Synergism is associated with a reaction where a chemical that has no insecticidal properties may enhance the toxicity of an insecticide in a mixture. Therefore, synergism may enhance the toxicity of pesticide mixtures to bees. Bees are often chronically exposed to pesticide mixtures or multiple pesticides simultaneously throughout their adult life, which may result in synergistic effects. Honeybees, in general, are rarely exposed to or encounter a single pesticide during foraging. Consequently, any combined exposures may result in synergistic interactions. The synergistic effects affiliated with multiple pesticide exposure may contribute to bee decline. Furthermore, pyrethroid insecticides, systemic insecticides and fungicides are typically available as pre-mixtures (combination products) for plant protection. The active ingredients in pre- mixtures may be synergistic, enhancing toxicity to bees — although these effects are not well- understood and any effects may vary over space (spatially) and time (temporally). In fact, reports have demonstrated that mixtures of neonicotinoid systemic insecticides with certain fungicides may substantially increase bee toxicity.

Pesticide mixtures or combinations of pesticides that include certain fungicides have been reported to enhance the acute toxicity or synergize the activity of insecticides to bees (honeybees in particular). For instance, certain insecticides (not neonicotinoid systemic insecticides) are synergized by ergosterol biosynthesis inhibitor or demethylation inhibitor fungicides, thus  increasing bee toxicity. Studies have shown that ergosterol biosynthesis inhibitor fungicides may enhance the toxicity of certain neonicotinoid systemic insecticides and pyrethroids by as much as 1,000-fold. In addition, even the synergist piperonyl butoxide (PBO), when present in pollen and/or nectar, has been shown to increase the toxicity of some neonicotinoid systemic insecticides to bees.

7. Metabolites

Most systemic insecticides, in general, are converted into metabolites, which are the end products associated with chemical reactions that occur naturally within cells during metabolism.
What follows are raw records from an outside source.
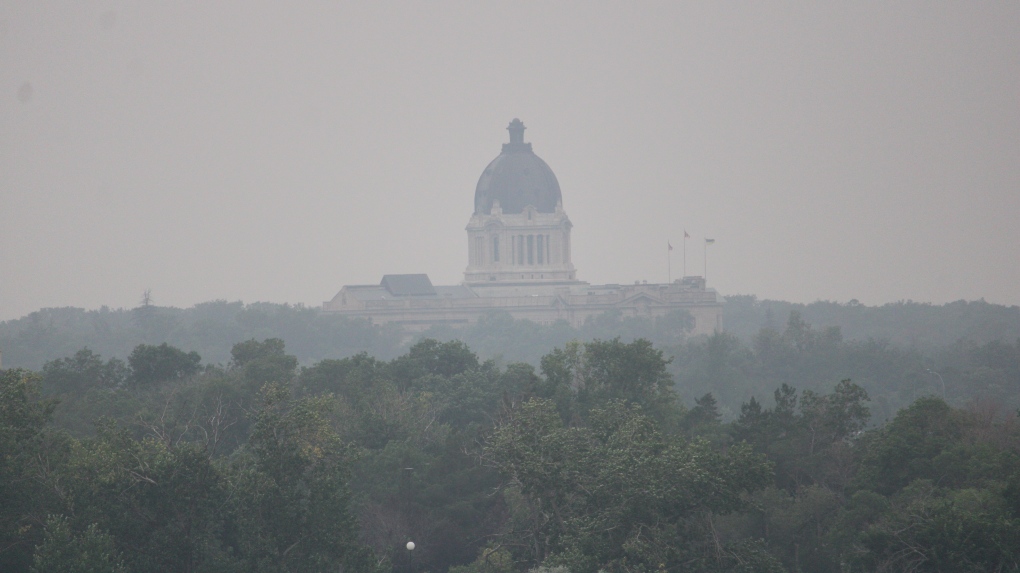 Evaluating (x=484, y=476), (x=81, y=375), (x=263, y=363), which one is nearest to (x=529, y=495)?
(x=484, y=476)

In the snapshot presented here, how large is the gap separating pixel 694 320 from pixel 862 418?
129 metres

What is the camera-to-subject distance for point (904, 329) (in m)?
179

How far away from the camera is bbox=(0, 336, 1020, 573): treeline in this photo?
43625mm

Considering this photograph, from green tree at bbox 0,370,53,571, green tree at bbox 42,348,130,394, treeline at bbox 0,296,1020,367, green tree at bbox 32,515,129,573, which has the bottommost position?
green tree at bbox 32,515,129,573

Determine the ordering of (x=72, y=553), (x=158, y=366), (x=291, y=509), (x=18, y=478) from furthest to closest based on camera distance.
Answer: (x=158, y=366) → (x=291, y=509) → (x=18, y=478) → (x=72, y=553)

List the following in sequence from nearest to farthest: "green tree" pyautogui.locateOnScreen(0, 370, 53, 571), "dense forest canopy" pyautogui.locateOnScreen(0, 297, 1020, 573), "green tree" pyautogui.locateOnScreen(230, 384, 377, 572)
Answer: "green tree" pyautogui.locateOnScreen(0, 370, 53, 571) → "dense forest canopy" pyautogui.locateOnScreen(0, 297, 1020, 573) → "green tree" pyautogui.locateOnScreen(230, 384, 377, 572)

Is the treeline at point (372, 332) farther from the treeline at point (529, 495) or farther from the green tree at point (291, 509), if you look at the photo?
the green tree at point (291, 509)

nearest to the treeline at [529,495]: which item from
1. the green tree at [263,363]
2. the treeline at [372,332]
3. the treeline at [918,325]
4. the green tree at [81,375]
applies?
the green tree at [263,363]

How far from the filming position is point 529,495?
48.1m

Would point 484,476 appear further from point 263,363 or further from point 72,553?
point 263,363

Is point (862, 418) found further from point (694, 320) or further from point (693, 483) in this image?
point (694, 320)

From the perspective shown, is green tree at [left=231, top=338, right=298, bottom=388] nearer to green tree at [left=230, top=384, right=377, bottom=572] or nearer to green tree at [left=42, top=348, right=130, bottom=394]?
green tree at [left=42, top=348, right=130, bottom=394]

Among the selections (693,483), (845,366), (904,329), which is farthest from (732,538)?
(904,329)

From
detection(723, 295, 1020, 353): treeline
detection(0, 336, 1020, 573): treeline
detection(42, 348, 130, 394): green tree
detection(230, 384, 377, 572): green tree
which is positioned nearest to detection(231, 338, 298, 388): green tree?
detection(42, 348, 130, 394): green tree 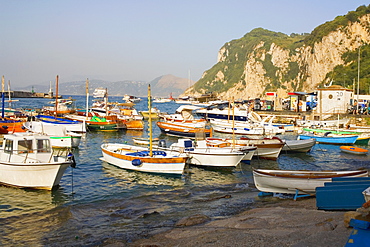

The metabolites of systemic insecticides are generally more toxic to insect pests than the parent compound. For instance, the metabolites of imidacloprid, including olefin and 4- and 5-hydroxy, may be toxic to bees. Thiamethoxam is converted into the metabolite clothianidin (another neonicotinoid systemic insecticide) that is highly toxic to bees. One issue is the seasonal and geographic differences associated with the frequency of detecting metabolites in the pollen and/or nectar. These metabolites may be present in pollen and/or nectar, subsequently increasing the potential for harmful effects to bees. However, the concentrations in the pollen and/or nectar may vary thus influencing direct exposure.

8. Miscellaneous Interactions

A nother important issue is the interactions associated with miticides used in managing the varroa mite (Varroa destructor) in honeybee colonies, which can have indirect effects on honey bee queen longevity. In addition, other pesticides may be encountered by bees. In fact, one of the pesticides most commonly detected in bee hives is the fungicide chlorothalonil. Although herbicides do not directly harm bees, they may reduce the availability of flowering plants for bees and other pollinators, especially in monoculture agricultural farming systems.

Conclusions

This article has discussed a number of factors affiliated with the complexity and interactions related to pesticides and bees. The contents of this article are based on the abundant scientific literature associated with research conducted on the effects of pesticides on bees. Therefore, I would like to acknowledge the many researchers worldwide that continue to conduct studies that will help to understand and determine how pesticides impact bees.